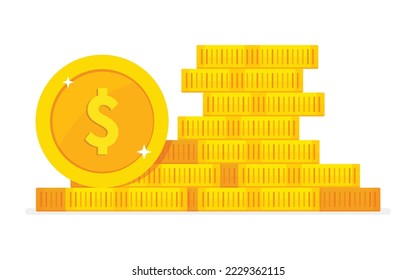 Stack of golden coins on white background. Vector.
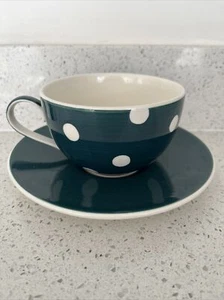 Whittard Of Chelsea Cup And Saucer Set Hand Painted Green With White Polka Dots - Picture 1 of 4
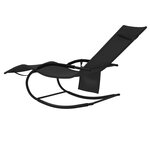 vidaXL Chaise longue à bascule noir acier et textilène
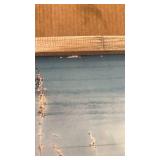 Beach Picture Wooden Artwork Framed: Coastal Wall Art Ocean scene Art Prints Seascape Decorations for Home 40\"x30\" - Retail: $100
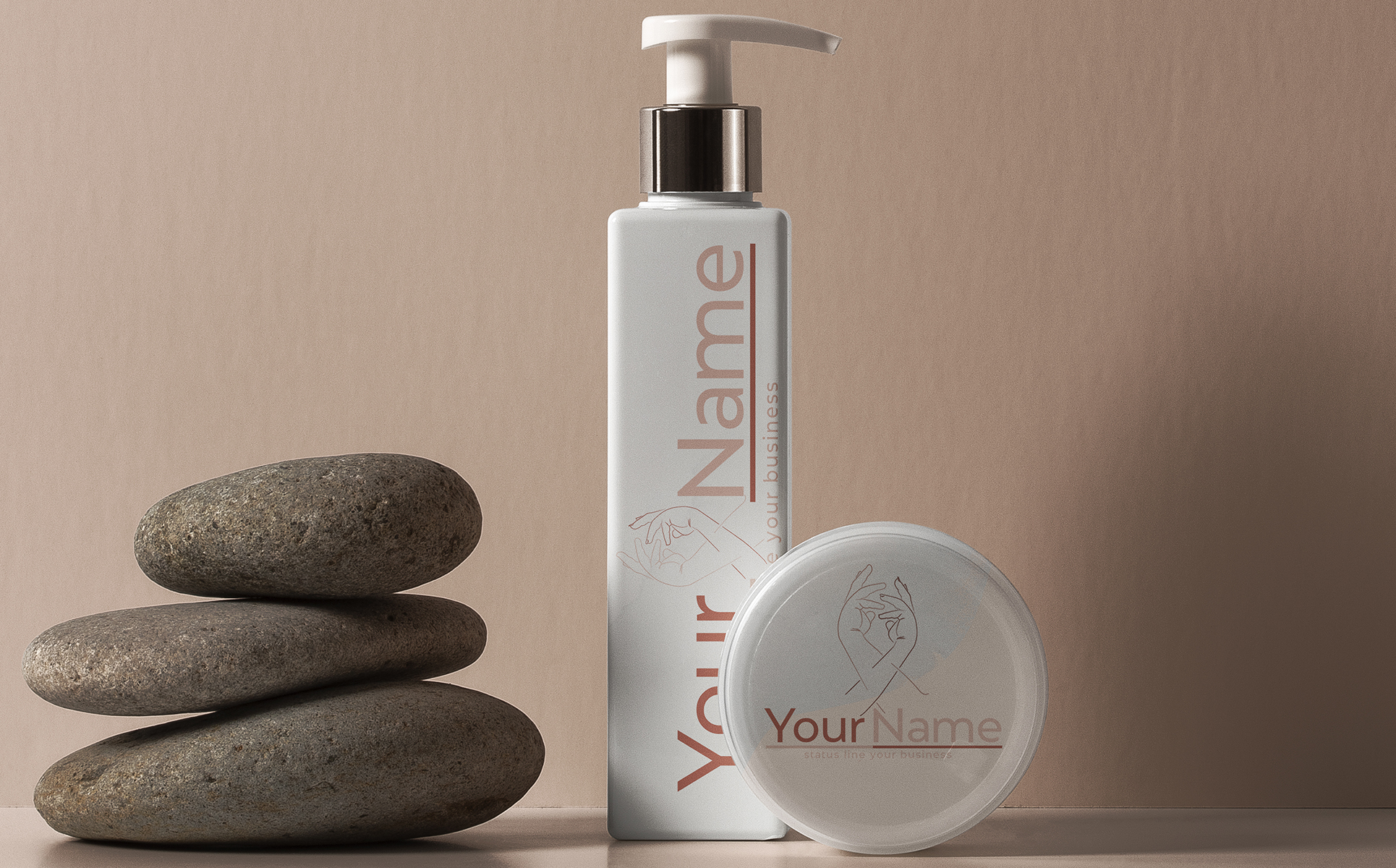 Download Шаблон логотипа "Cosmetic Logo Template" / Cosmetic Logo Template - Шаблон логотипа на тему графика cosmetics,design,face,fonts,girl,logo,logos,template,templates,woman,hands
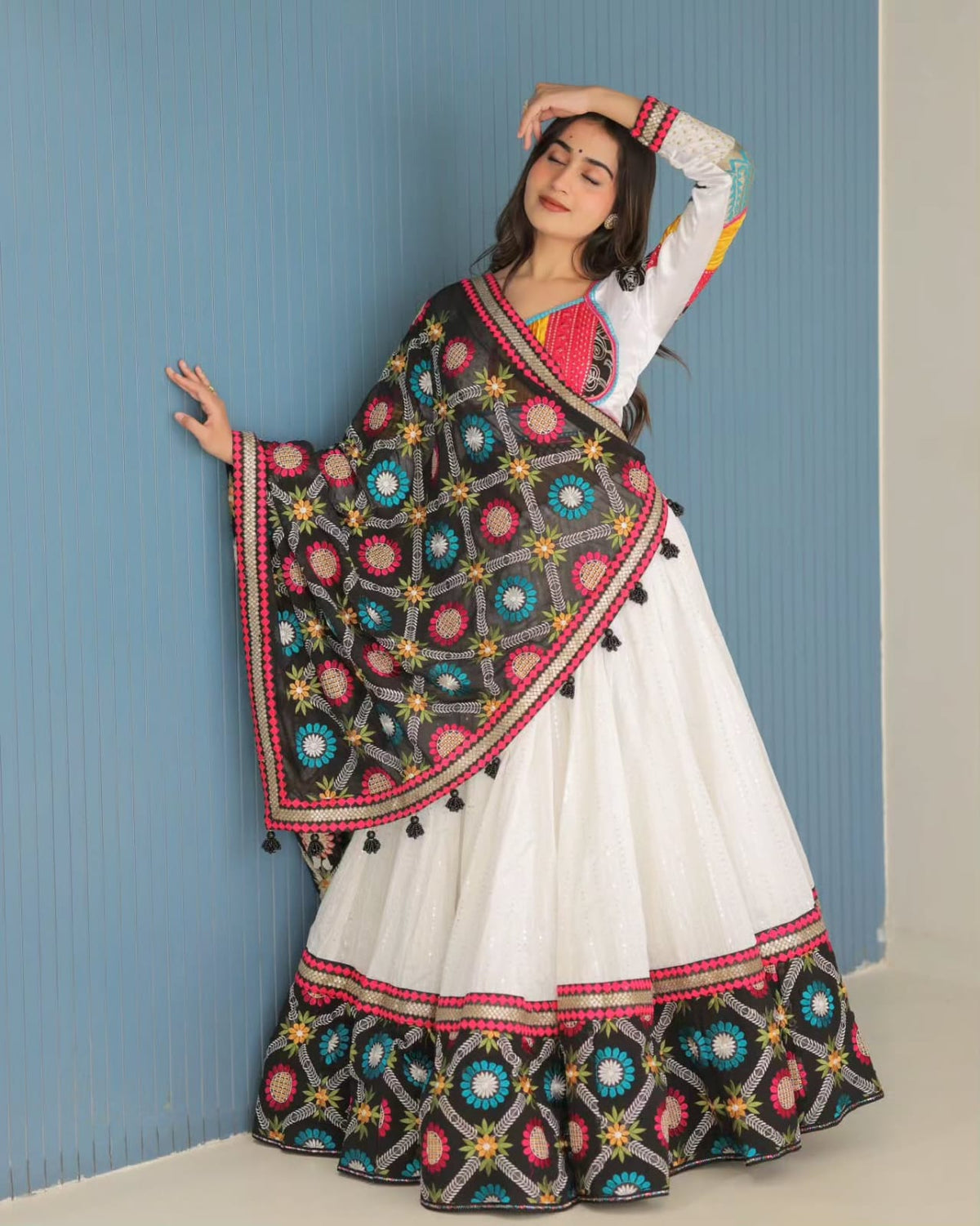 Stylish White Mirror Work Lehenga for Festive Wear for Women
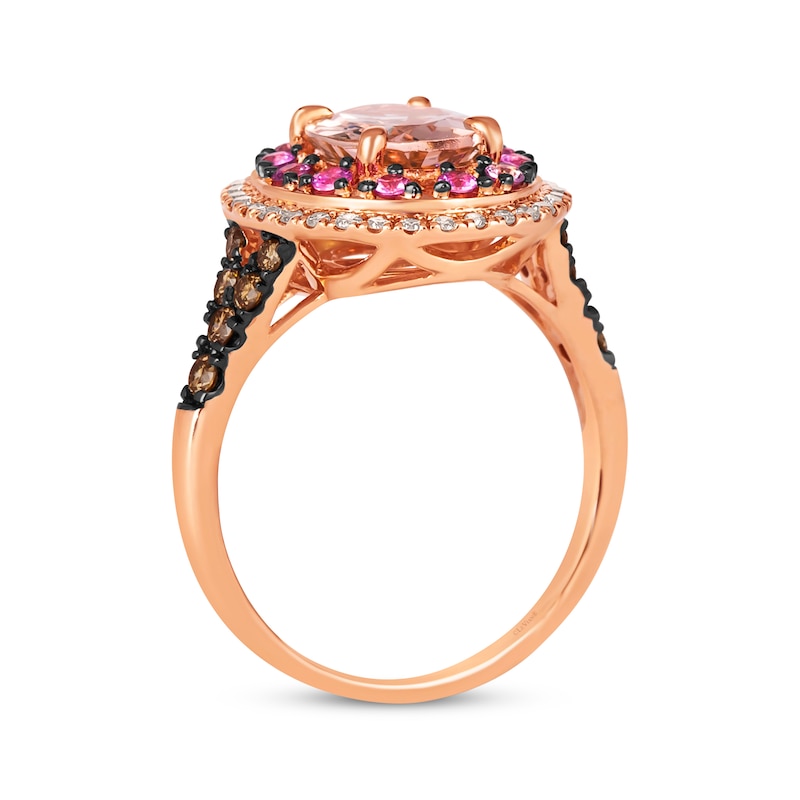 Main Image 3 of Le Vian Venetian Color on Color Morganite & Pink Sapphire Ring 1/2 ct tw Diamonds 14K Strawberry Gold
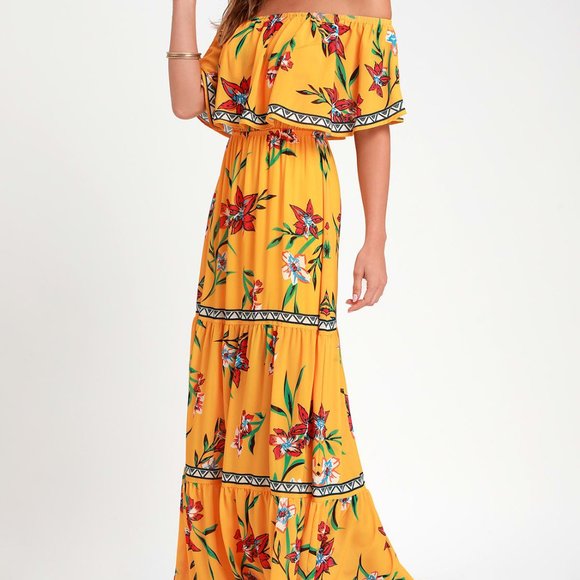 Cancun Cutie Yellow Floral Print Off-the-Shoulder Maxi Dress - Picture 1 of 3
==
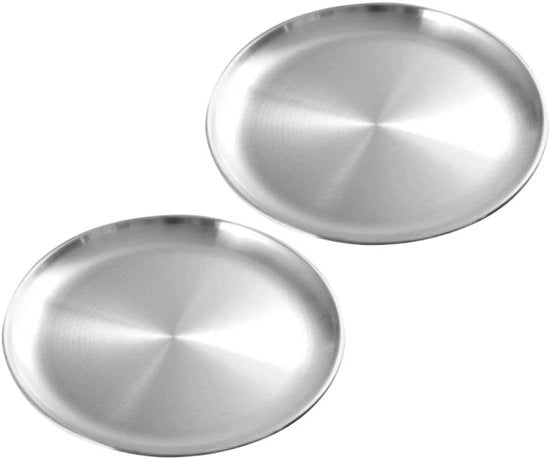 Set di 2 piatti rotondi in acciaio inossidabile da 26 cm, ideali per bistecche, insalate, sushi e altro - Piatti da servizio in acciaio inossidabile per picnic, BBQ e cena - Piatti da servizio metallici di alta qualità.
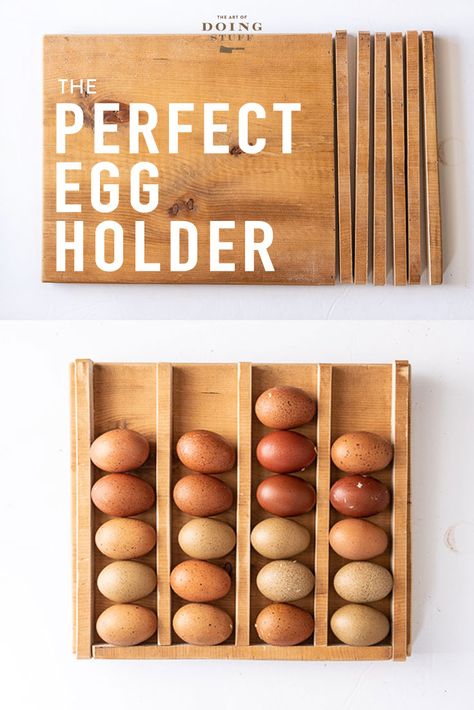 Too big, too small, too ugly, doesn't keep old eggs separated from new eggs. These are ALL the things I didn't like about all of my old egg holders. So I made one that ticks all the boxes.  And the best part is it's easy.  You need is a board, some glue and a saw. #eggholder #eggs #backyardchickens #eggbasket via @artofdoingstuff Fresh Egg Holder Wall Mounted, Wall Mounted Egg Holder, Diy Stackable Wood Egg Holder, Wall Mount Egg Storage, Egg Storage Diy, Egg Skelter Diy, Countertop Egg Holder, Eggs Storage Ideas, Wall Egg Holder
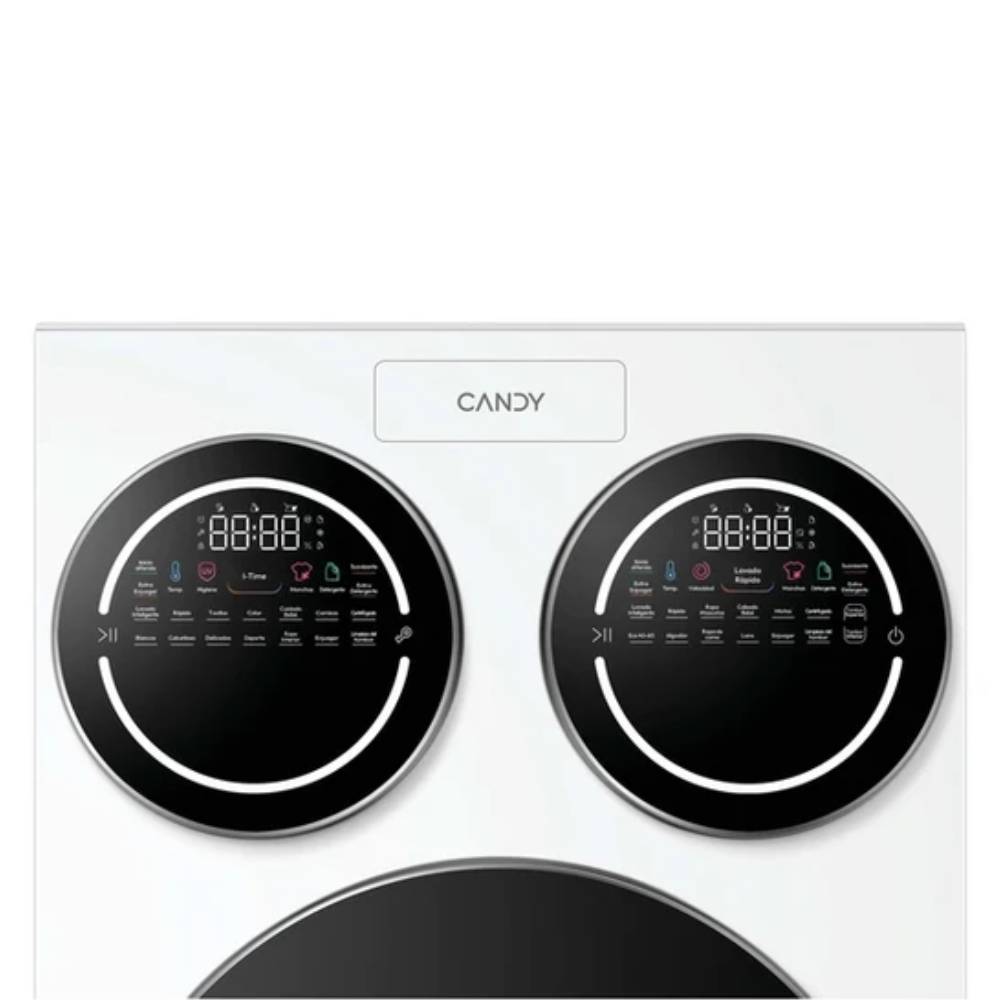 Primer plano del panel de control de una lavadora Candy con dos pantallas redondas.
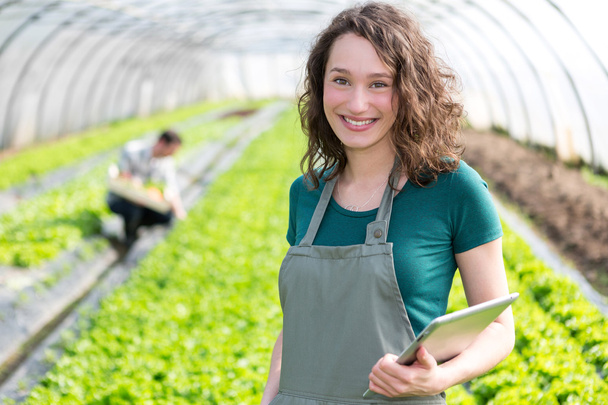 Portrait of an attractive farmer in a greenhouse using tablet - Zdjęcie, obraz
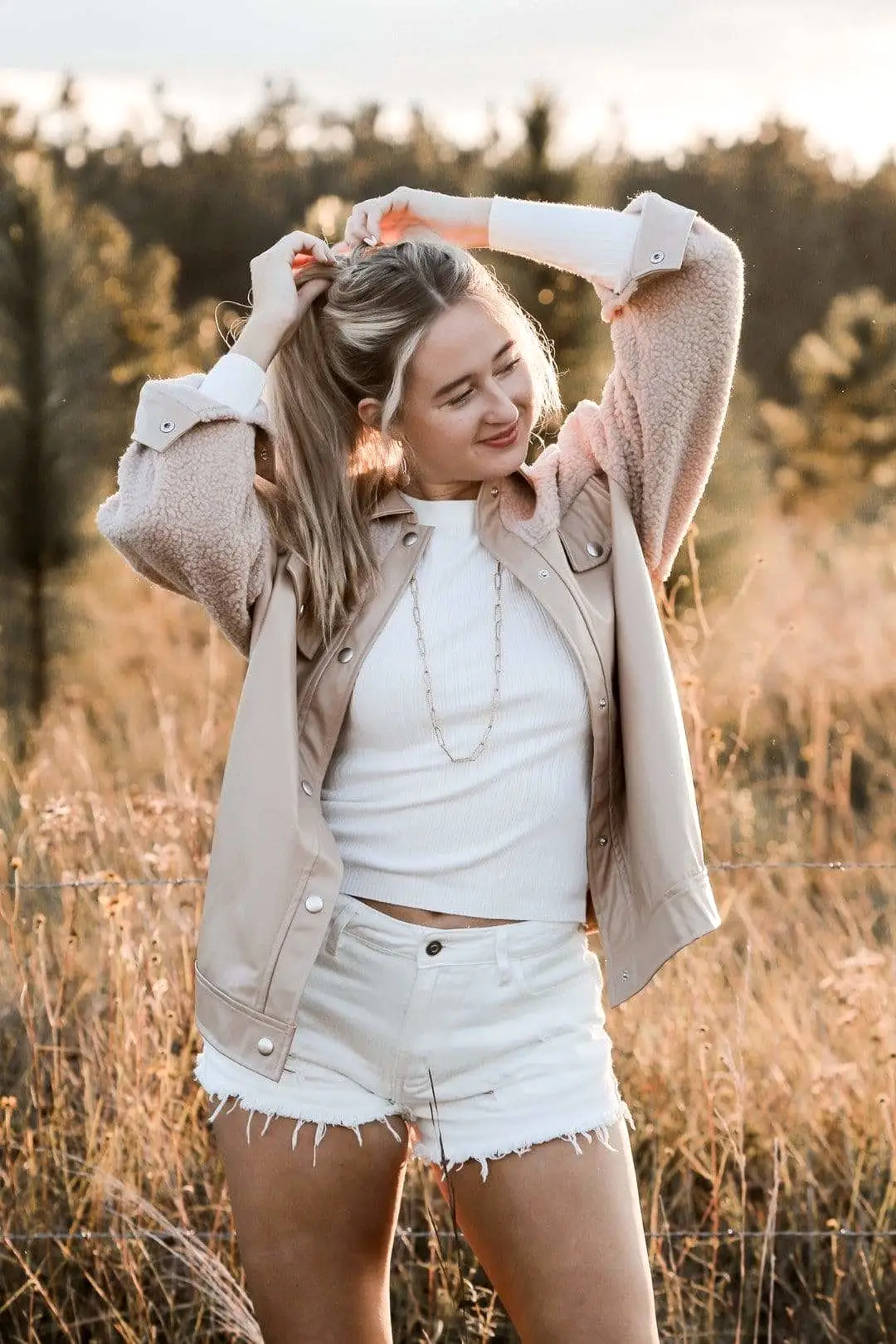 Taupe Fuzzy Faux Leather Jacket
==
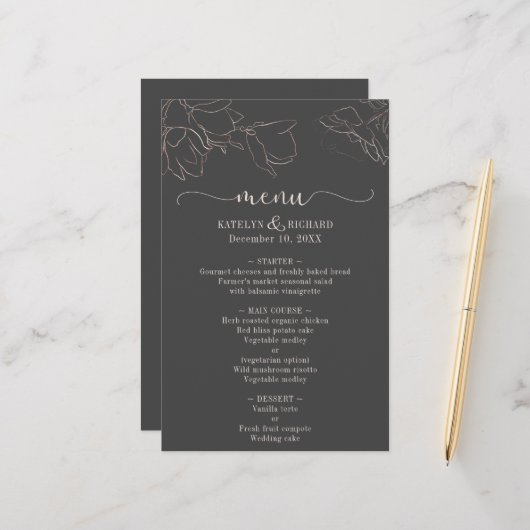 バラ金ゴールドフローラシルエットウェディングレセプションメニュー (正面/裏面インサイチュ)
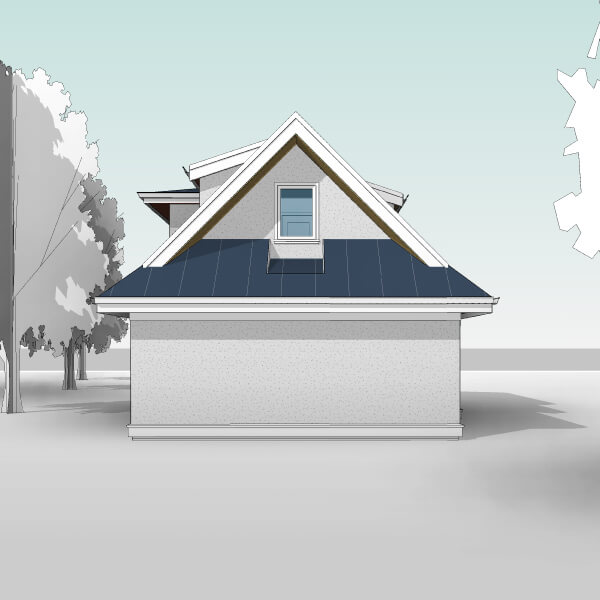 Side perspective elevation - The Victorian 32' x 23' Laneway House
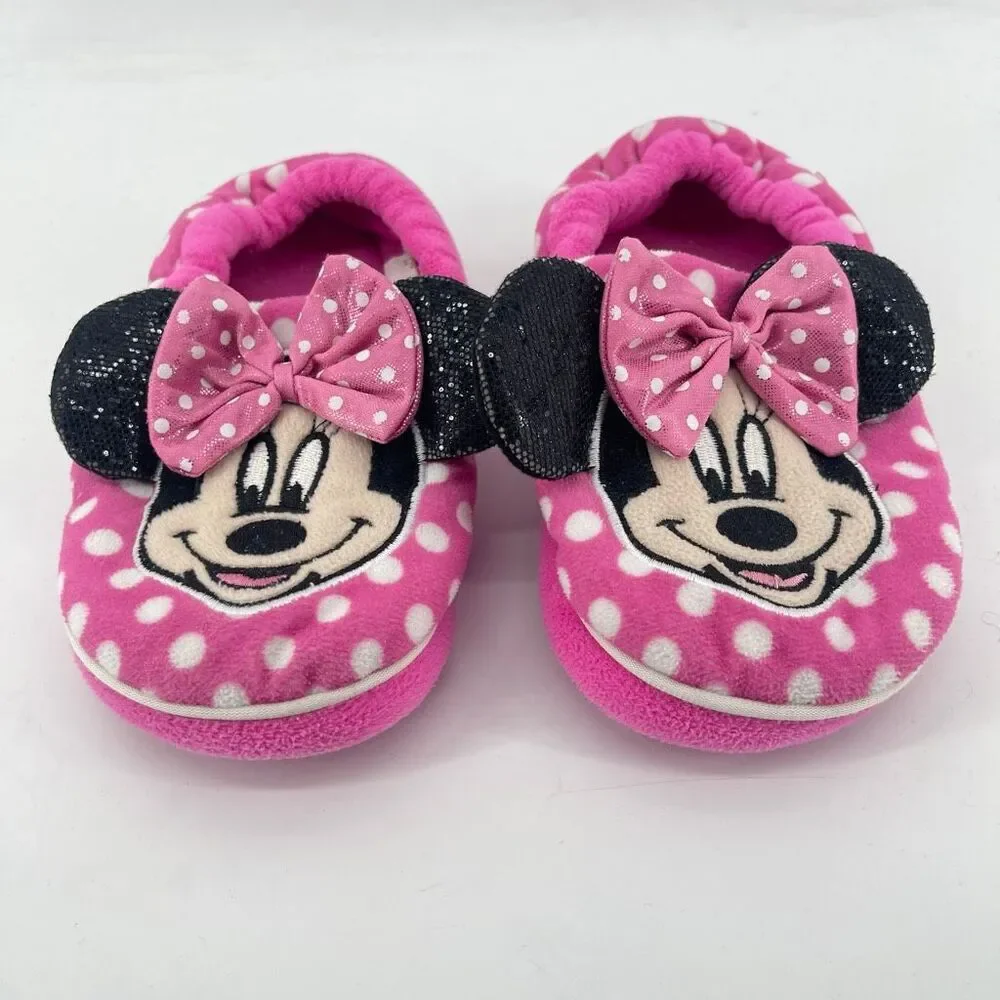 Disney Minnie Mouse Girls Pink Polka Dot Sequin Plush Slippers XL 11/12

Exercise instructions
Among the entries above, locate the line with "Portrait of an" and the line with "Taupe Fuzzy Faux Leather Jacket". Give those two lines and all lines between them again, exactly, leaving out the pictures.

Final answer
 Portrait of an attractive farmer in a greenhouse using tablet - Zdjęcie, obraz
 Taupe Fuzzy Faux Leather Jacket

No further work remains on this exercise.